Data shown section start

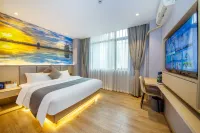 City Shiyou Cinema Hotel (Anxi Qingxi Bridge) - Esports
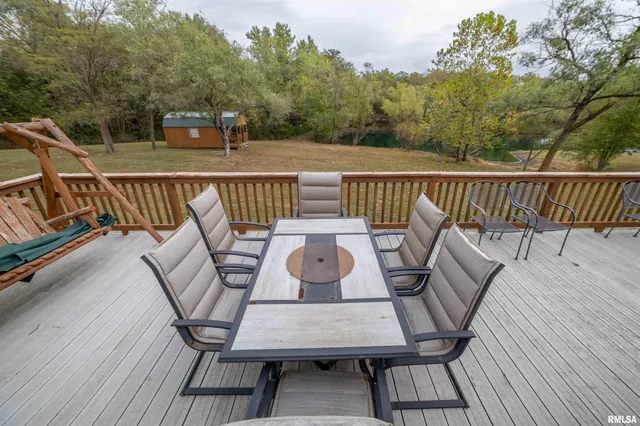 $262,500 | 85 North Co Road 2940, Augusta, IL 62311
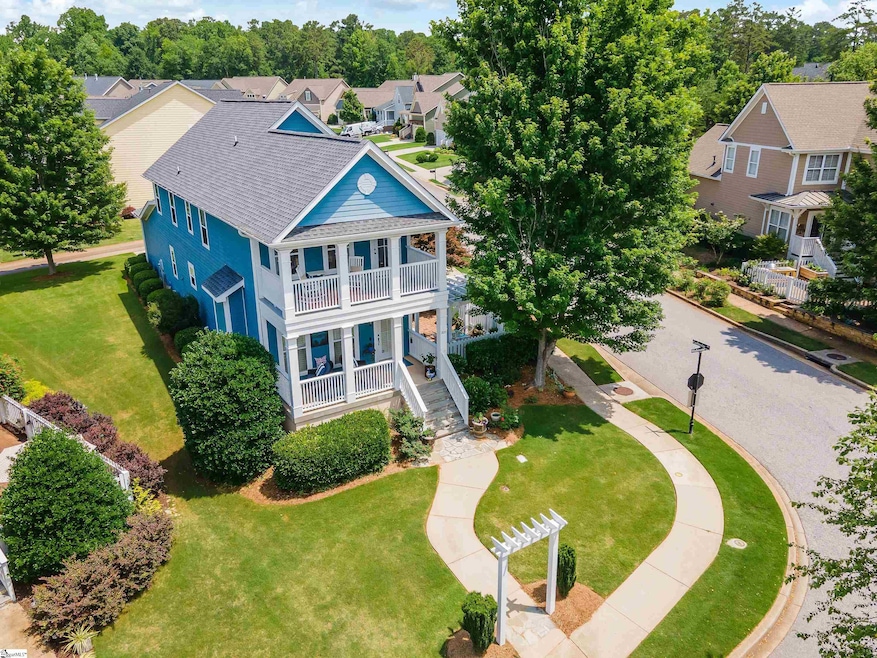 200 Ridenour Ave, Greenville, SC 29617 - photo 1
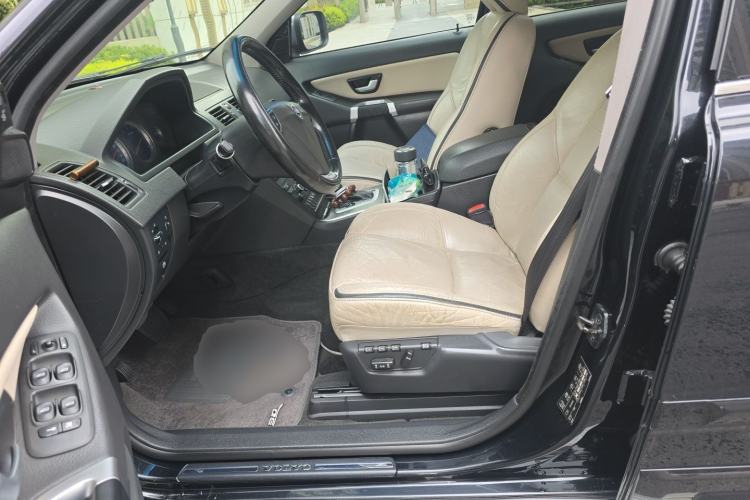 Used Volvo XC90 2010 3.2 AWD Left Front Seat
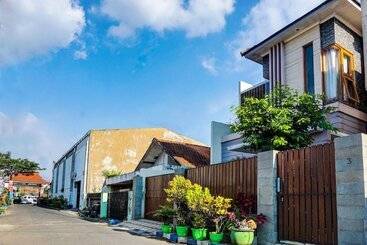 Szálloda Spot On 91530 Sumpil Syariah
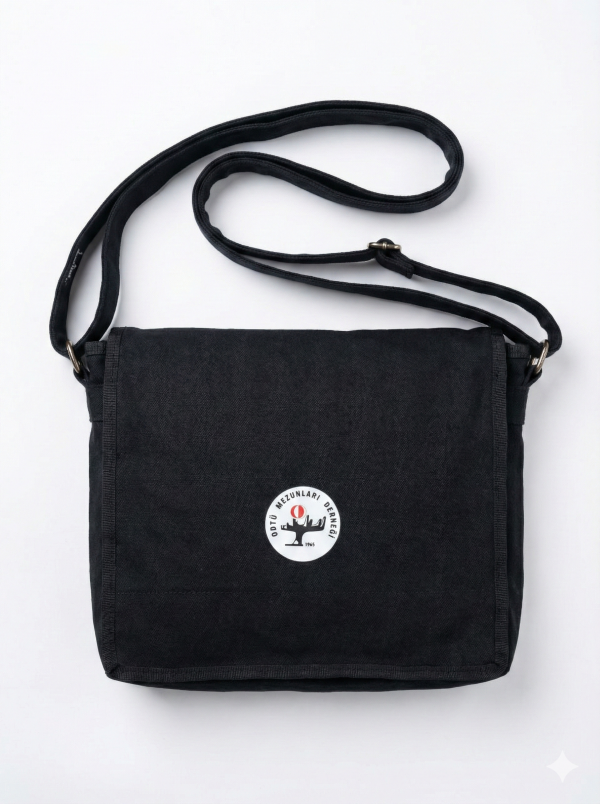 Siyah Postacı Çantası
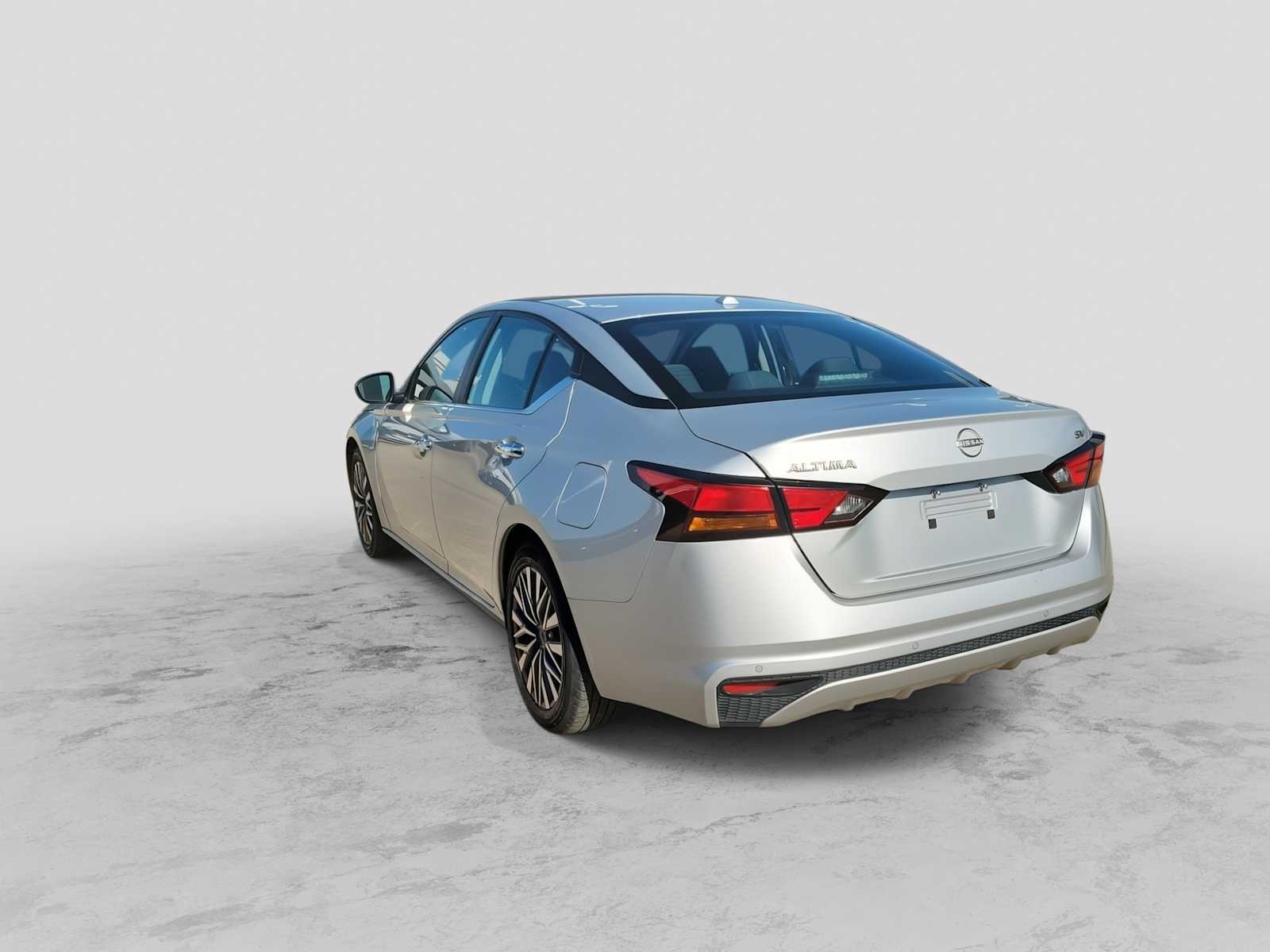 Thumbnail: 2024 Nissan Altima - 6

Data shown section end

Exercise instructions –
Would you return the data above exactly as written, minus the images?

Result –
 City Shiyou Cinema Hotel (Anxi Qingxi Bridge) - Esports
 $262,500 | 85 North Co Road 2940, Augusta, IL 62311
 200 Ridenour Ave, Greenville, SC 29617 - photo 1
 Used Volvo XC90 2010 3.2 AWD Left Front Seat
 Szálloda Spot On 91530 Sumpil Syariah
 Siyah Postacı Çantası
 Thumbnail: 2024 Nissan Altima - 6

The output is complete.